It is a tax on consumption, which is applied during the production and distribution process to most goods and services. It is also applied to goods, and certain services, entering the country. Although VAT is ultimately borne by the consumer by being included in the price paid, the responsibility for charging, collecting and paying it to the tax authority at each stage of the process generally rests with the business making the supply, ie the sale.
A business registered for the tax will charge VAT (output tax) on its sales, and incur VAT (input tax) on its purchases (including any VAT paid at importation). The difference between the output tax and the deductible input tax in each accounting period will be the amount of VAT payable by the business to the tax authority. Where the input tax exceeds the output tax, a refund can be claimed.
Taxable supplies on goods and services
A transaction is within the scope of German VAT, if the following conditions are met:
- it is a supply of goods or services.

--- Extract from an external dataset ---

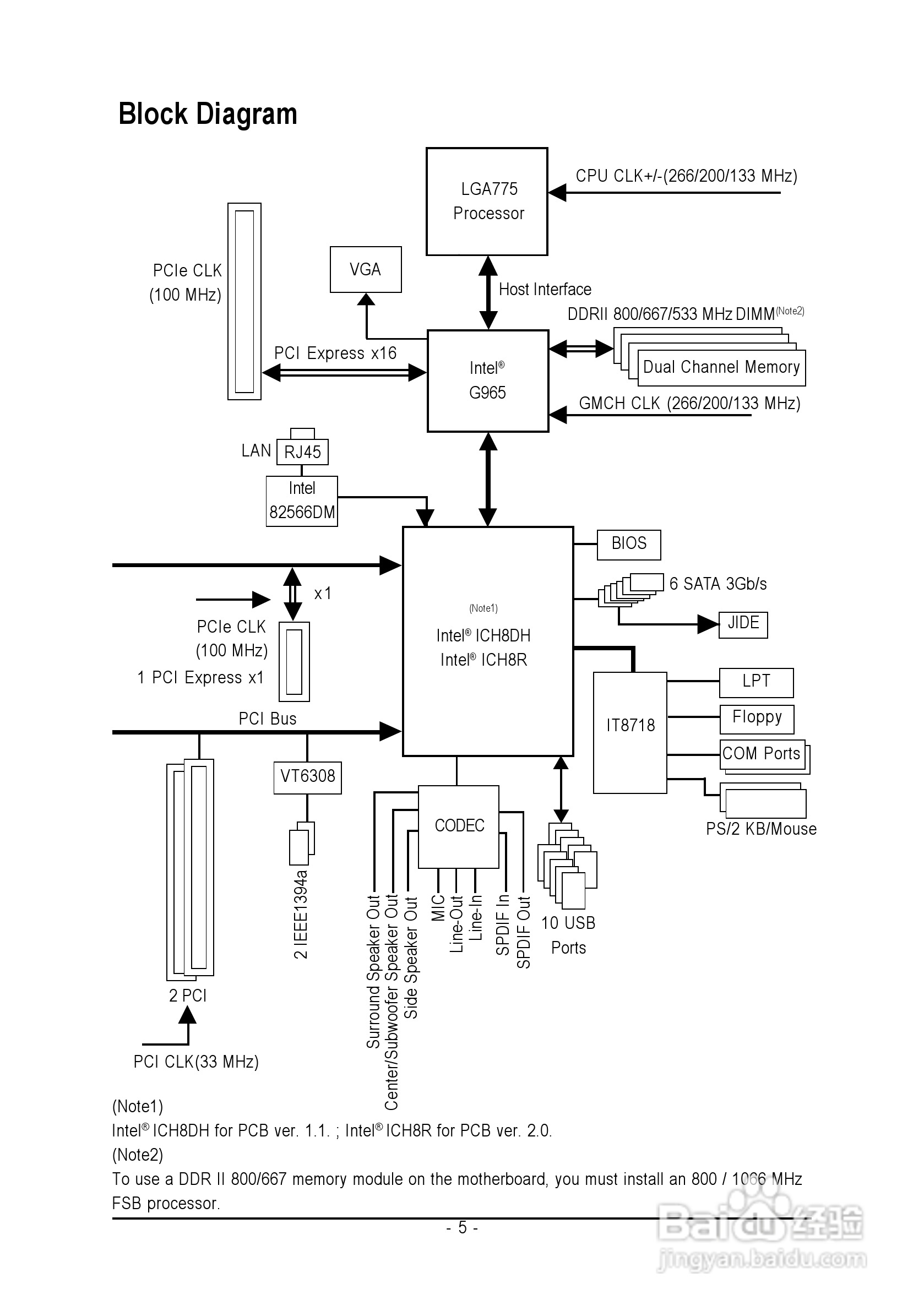 技嘉GS-R113V-RH (1.0)型服务器使用说明书:[1]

According to German law, a supply of goods is the transfer of the right to dispose of tangible property for consideration. Activities for consideration, which are not regarded as a supply of goods, are services
- it takes place in Germany
- it is made by a taxable person. For these purposes, a taxable person is a person or entity who practices commercial or professional activity independently and is registered for VAT, or has a liability to become registered
- it is made in the course or furtherance of any business carried on by that person or entity.

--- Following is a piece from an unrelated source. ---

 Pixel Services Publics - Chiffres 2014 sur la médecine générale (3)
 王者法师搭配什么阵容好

Generally VAT is due and accounted for at the end of the month in which the supply of goods is performed; as a general rule, the tax has to be calculated on the agreed consideration.

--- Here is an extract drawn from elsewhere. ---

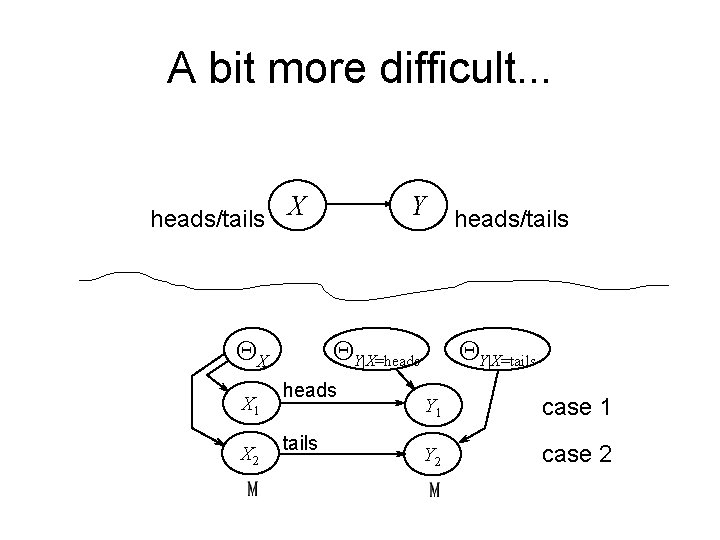A bit more difficult. . . heads/tails X QY|X=heads QX X 1 X 2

On application the competent local tax office can allow that an entrepreneur accounts for the VAT on basis of received consideration. The consideration receipts basis is a method available only to three groups of persons:
- entrepreneurs who’s total amount of supplies have not exceeded €600,000 in the previous calendar year
- entrepreneurs who are – by way of exemption according
§ 148 of the German Fiscal Code – not required to keep accounts and to make periodical financial statements on basis of annual inventories
- entrepreneurs who (and only as far as they) perform turnovers in an independent profession according § 18 (1) No. 1 of the German Income Tax Act (eg lawyers, tax advisors, engineers, architects, doctors etc.)
VAT rates and exemptions
There are two rates of VAT that are applied to goods and services in Germany; the standard rate and the reduced rate. In addition, some goods and services are exempted from the tax.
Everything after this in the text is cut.